Gerissenes Reh

Wolf in Olpe nachgewiesen: „Nicht in Panik verfallen“

An einem toten Reh in Olpe wurde Wolfs-DNA festgestellt.

An einem toten Reh in Olpe wurde Wolfs-DNA festgestellt.

Foto: Bernd Thissen / dpa

Kreis Olpe.  Der Wolf ist zurück im Kreis Olpe. Das bestätigte das LANUV nach der Untersuchung eines toten Rehs. Jäger und Förster mahnen zu Gelassenheit.

Das Landesamt für Natur, Umwelt und Verbraucherschutz NRW (LANUV) hat den Nachweis eines Wolfes in Olpe bestätigt. Anhand einer Speichelprobe konnten Experten des Forschungsinstituts Senckenberg in Gelnhausen eine Wolfs-DNA an einem toten Reh, das Mitte Mai gefunden wurde, nachweisen.
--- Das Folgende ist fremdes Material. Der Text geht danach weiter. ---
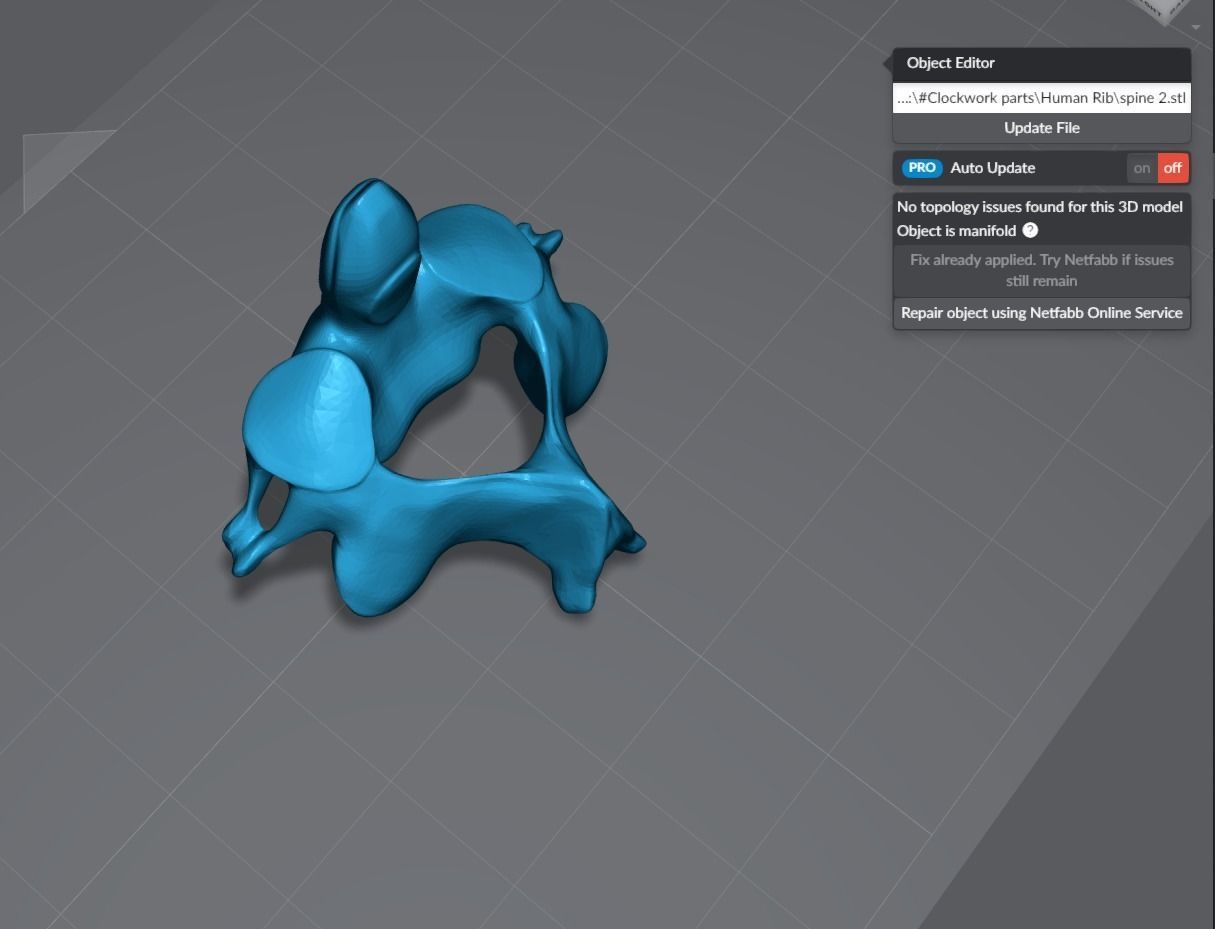 Human Spine Articulated 3D print model_6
Über Identität, Herkunft und Geschlecht des Wolfes liegen keine Informationen vor, teilte das LANUV mit.

Totes Reh im Raum Dahl-Friedrichsthal entdeckt

Laut Marc Muckenhaupt vom Regionalforstamt Kurkölnisches Sauerland sei das tote Tier im Raum Dahl-Friedrichsthal entdeckt worden. Unmittelbare Konsequenzen habe dieser Nachweis aber nicht. Sollte der Wolf, der anhand des sichergestellten Genetikmaterials nun zweifelsfrei zuzuordnen ist, allerdings weitere Male „zuschlagen“, sei nicht auszuschließen, dass der Kreis Olpe zum Wolfsgebiet ausgewiesen wird. Doch davon sei derzeit noch keine Rede.

Genauso wenig liege nun eine Bedrohungslage vor, erklärte ein Pressesprecher des LANUV auf Nachfrage: „Wen soll der Wolf denn bedrohen? Natürlich wandern Wölfe durch die Landschaft auf der Suche nach Futter.“ Aber sie meiden die Nähe zum Menschen.
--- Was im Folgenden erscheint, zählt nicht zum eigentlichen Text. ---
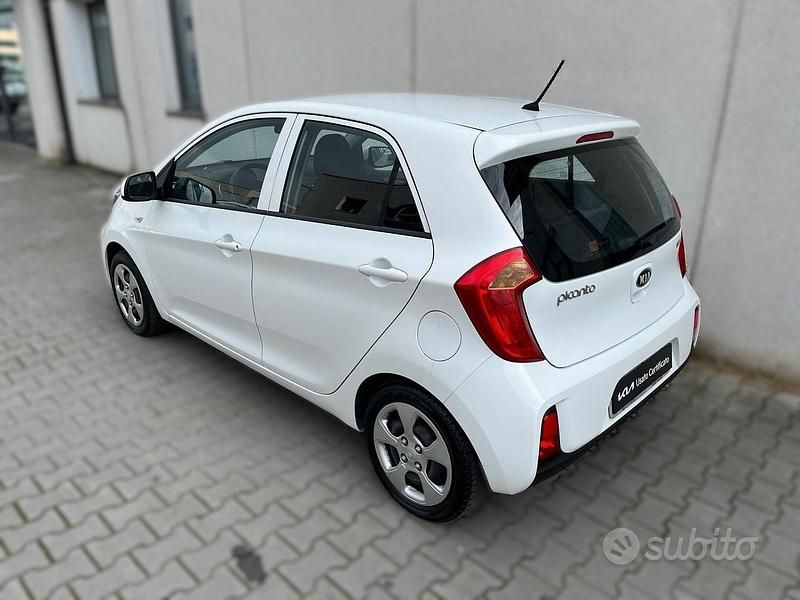 Usata Kia Picanto 67 CV (49 kW) 2016 Bianco Utilitaria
Dennoch rät das Landesamt zur Vorsicht. Im Fall der Fälle sollte man weder das Tier anfassen noch füttern und auch nicht weglaufen, sondern stehen bleiben und so lange abwarten, bis sich der Wolf von alleine zurückzieht. „Man kann den Wolf auch vertreiben, indem man auf sich aufmerksam macht, etwa durch lautes Ansprechen, man kann in die Hände klatschen oder mit den Armen winken“, heißt es dazu auf der Internetseite des LANUV.

Richtiges Verhalten bei einer Wolfsbegegnung

Marc Muckenhaupt ergänzt: „Menschen passen nicht ins Beuteschema des Wolfes, wir sind zu groß. Normalerweise ist der Wolf schon wieder weg, bevor man ihn zu Gesicht bekommt.“ Gelassen reagiert auch Ulrich Keine auf die Nachricht des Wolfrisses.

Wolf unterliegt nicht dem Jagdrecht

Der Attendorner Jäger erklärt auf Nachfrage, dass die Jägerschaft schon länger davon ausgeht, dass der Wolf das Kreisgebiet durchquert. „Für uns ist das nichts Neues und wir reagieren völlig entspannt darauf. Wir sehen keinen Grund, in Panik zu verfallen oder gar aktiv zu werden.“ Das können die Jäger auch gar nicht, denn der Wolf unterliegt nicht dem Jagdrecht.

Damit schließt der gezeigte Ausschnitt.